**DIRECTIONS FOR THIS TASK:** Reproduce the listing exactly and skip over any pictures.

>>

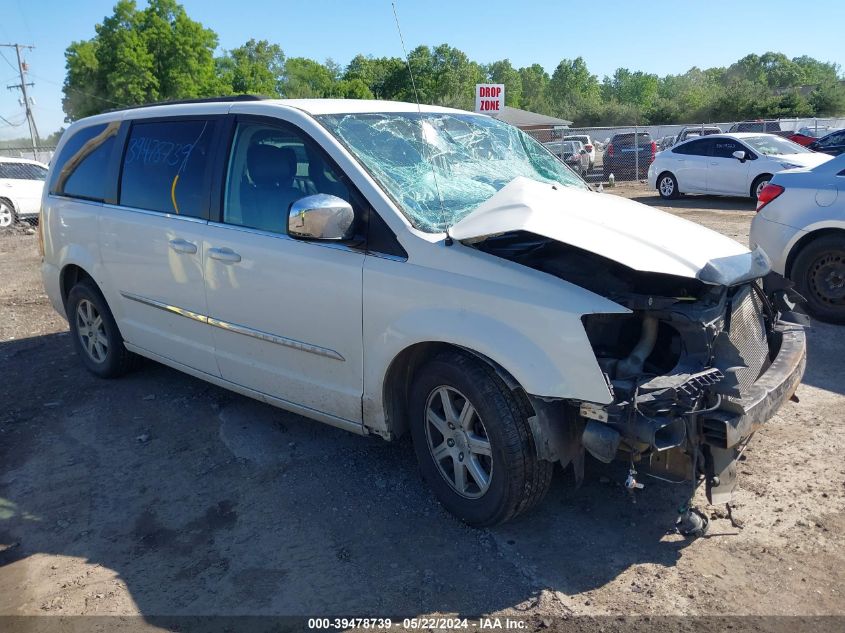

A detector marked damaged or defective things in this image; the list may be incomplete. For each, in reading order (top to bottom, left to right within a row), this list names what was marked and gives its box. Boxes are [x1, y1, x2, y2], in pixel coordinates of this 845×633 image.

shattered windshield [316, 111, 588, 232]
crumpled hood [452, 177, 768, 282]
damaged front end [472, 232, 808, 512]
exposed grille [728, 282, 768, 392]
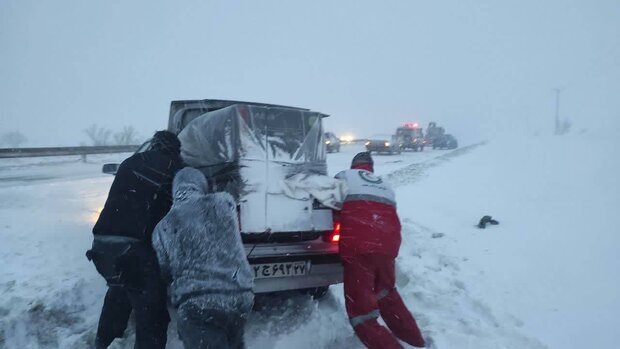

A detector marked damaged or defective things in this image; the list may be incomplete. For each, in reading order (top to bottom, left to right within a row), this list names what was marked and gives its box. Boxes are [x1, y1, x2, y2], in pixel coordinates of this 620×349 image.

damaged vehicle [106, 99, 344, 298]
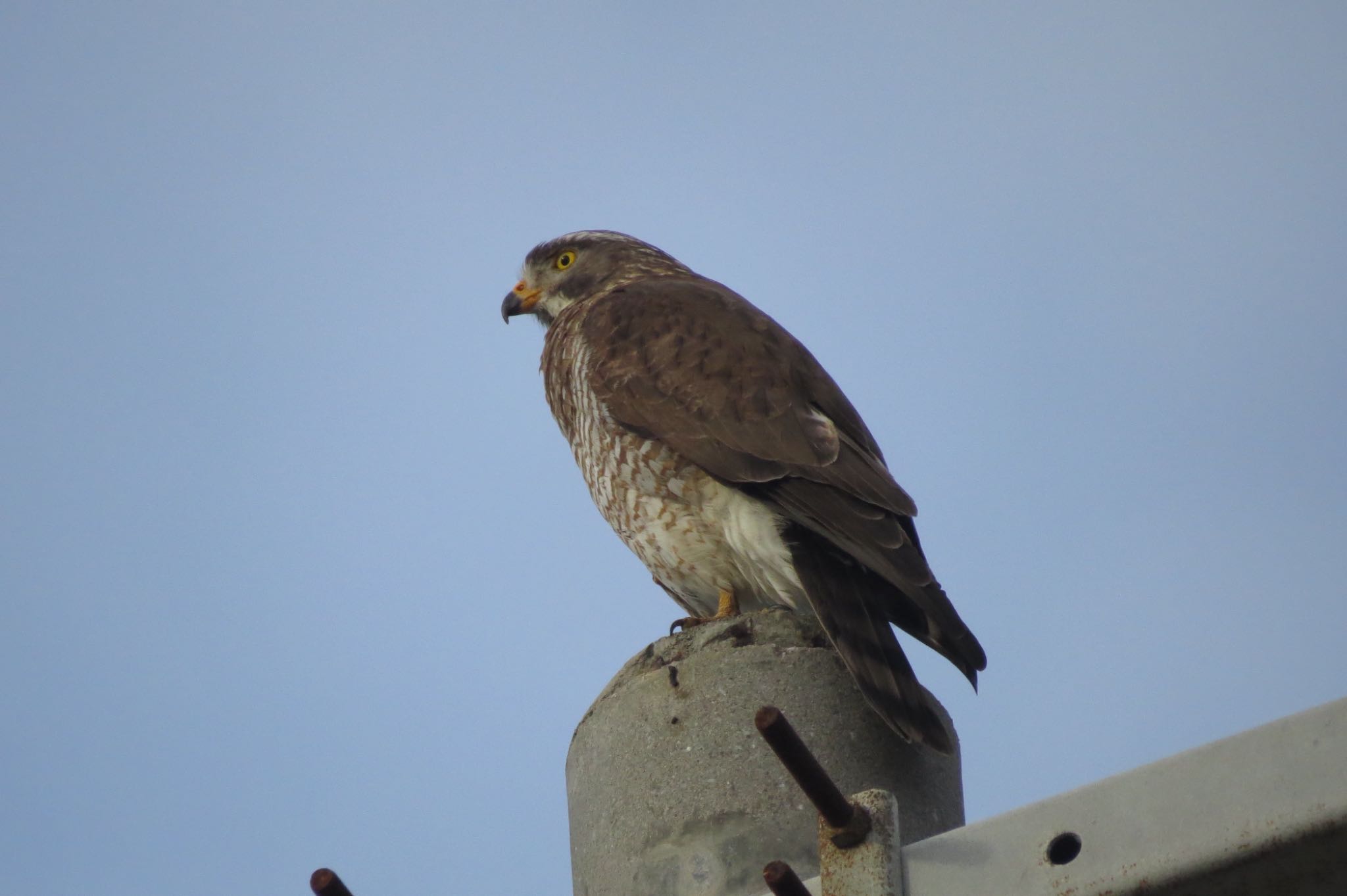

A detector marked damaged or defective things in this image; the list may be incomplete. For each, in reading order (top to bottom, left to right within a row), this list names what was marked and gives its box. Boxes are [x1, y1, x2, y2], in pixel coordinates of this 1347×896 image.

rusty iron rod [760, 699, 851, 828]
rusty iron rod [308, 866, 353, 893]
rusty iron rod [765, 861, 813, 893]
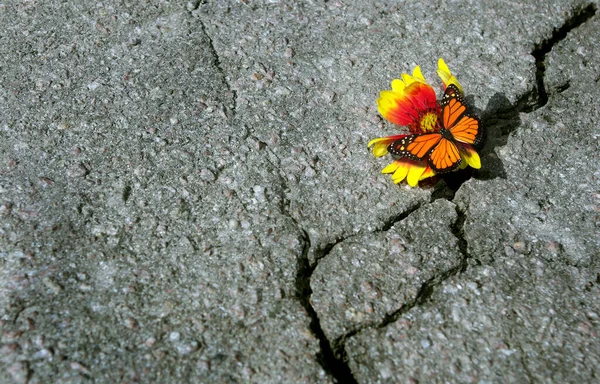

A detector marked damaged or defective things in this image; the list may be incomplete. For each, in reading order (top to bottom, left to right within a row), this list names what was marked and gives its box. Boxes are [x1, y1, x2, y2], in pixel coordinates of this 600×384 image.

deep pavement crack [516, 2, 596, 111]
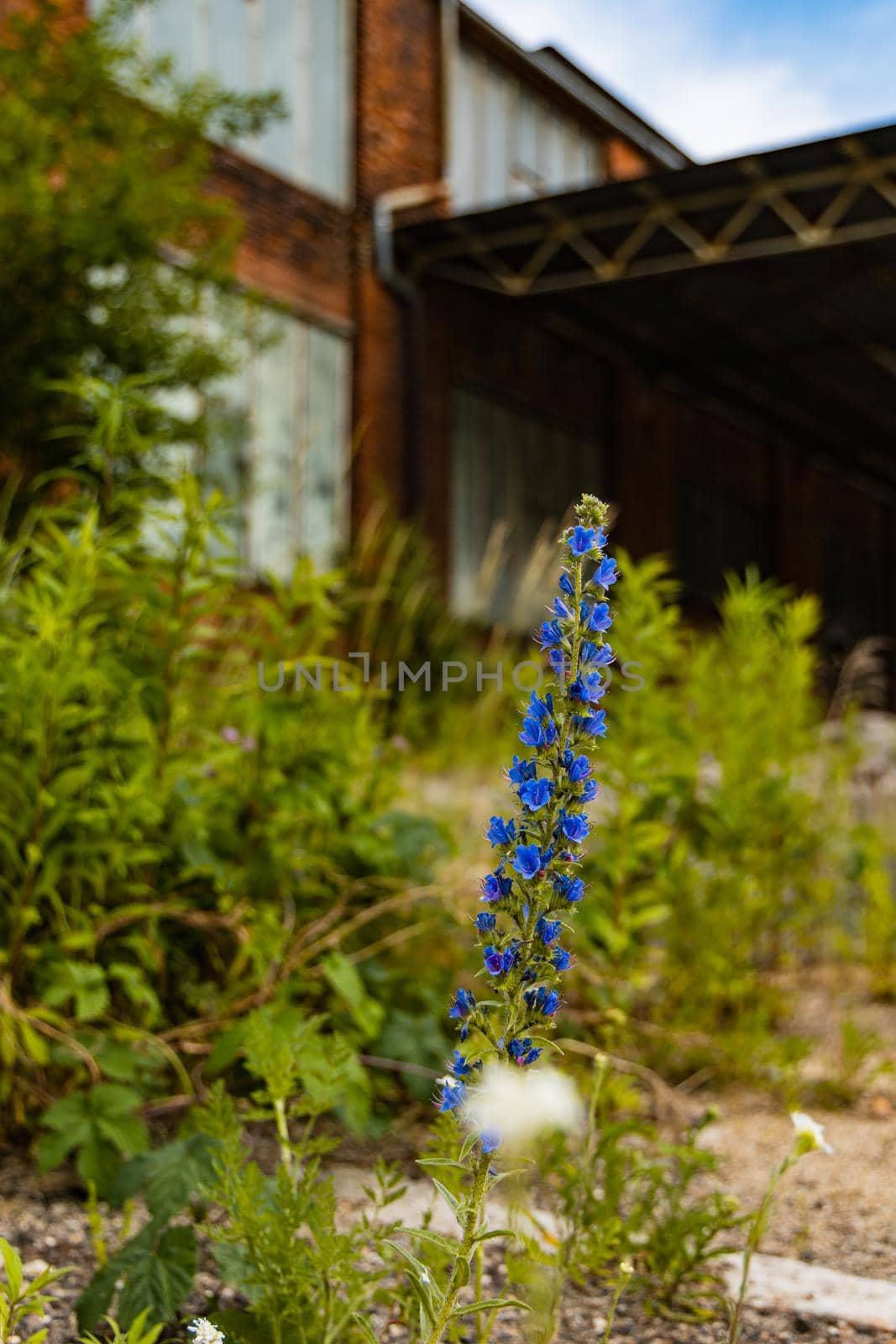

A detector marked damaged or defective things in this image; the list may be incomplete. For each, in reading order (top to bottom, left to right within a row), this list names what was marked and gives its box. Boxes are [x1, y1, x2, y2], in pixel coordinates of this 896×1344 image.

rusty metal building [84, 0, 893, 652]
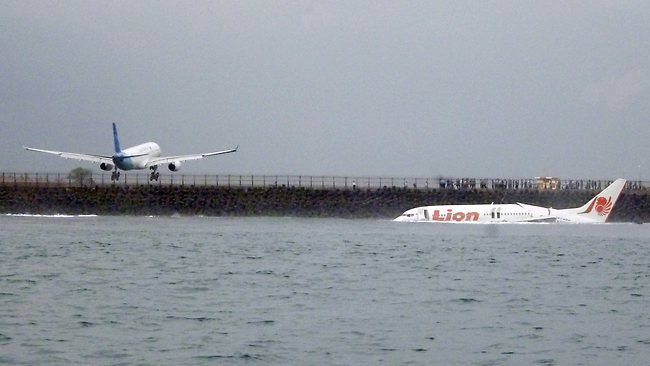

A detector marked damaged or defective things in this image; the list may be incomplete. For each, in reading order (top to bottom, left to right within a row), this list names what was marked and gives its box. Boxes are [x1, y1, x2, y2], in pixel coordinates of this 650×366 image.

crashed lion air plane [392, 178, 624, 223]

<<

**PROBLEM SOLUTION:**
A detector marked damaged or defective things in this image; the list may be incomplete. For each, in reading order (top to bottom, left to right within a row), this list names what was marked and gives its box. Boxes are [x1, y1, x2, y2], in pixel coordinates of this 845×633 image.

shattered windshield [316, 111, 588, 232]
crumpled hood [452, 177, 768, 282]
damaged front end [472, 232, 808, 512]
exposed grille [728, 282, 768, 392]

A detector marked damaged or defective things in this image; the list may be incomplete. For each, in reading order (top to bottom, left to right within a row), this list names what was marked and gives its box. Boxes are [x1, y1, x2, y2], in pixel coordinates of this 620×349 image.

damaged vehicle [106, 99, 344, 298]

A detector marked damaged or defective things in this image; the list may be incomplete. For each, in reading order (top to bottom, left to right within a row), this list names what was marked and gives its box. Boxes are [x1, y1, x2, y2], in pixel coordinates of this 1347×896 image.

rusty iron rod [760, 699, 851, 828]
rusty iron rod [308, 866, 353, 893]
rusty iron rod [765, 861, 813, 893]

A detector marked damaged or defective things in this image; the list may be incomplete. For each, in reading order (top to bottom, left to right within a row), this list names what was marked and gives its box. Boxes are [x1, y1, x2, y2], in pixel coordinates of this 600×384 image.

deep pavement crack [516, 2, 596, 111]

A detector marked damaged or defective things in this image; the list may be incomplete. For each, in reading order (top to bottom, left to right within a row), this list names what was marked and gives its box. Boxes are [x1, y1, x2, y2], in pixel coordinates of this 896×1344 image.

rusty metal building [84, 0, 893, 652]

A detector marked damaged or defective things in this image; the list may be incomplete. For each, in reading order (top to bottom, left to right within a row), this list names what was marked and gives its box. Boxes are [x1, y1, x2, y2], in pixel coordinates of this 650×366 image.

crashed lion air plane [392, 178, 624, 223]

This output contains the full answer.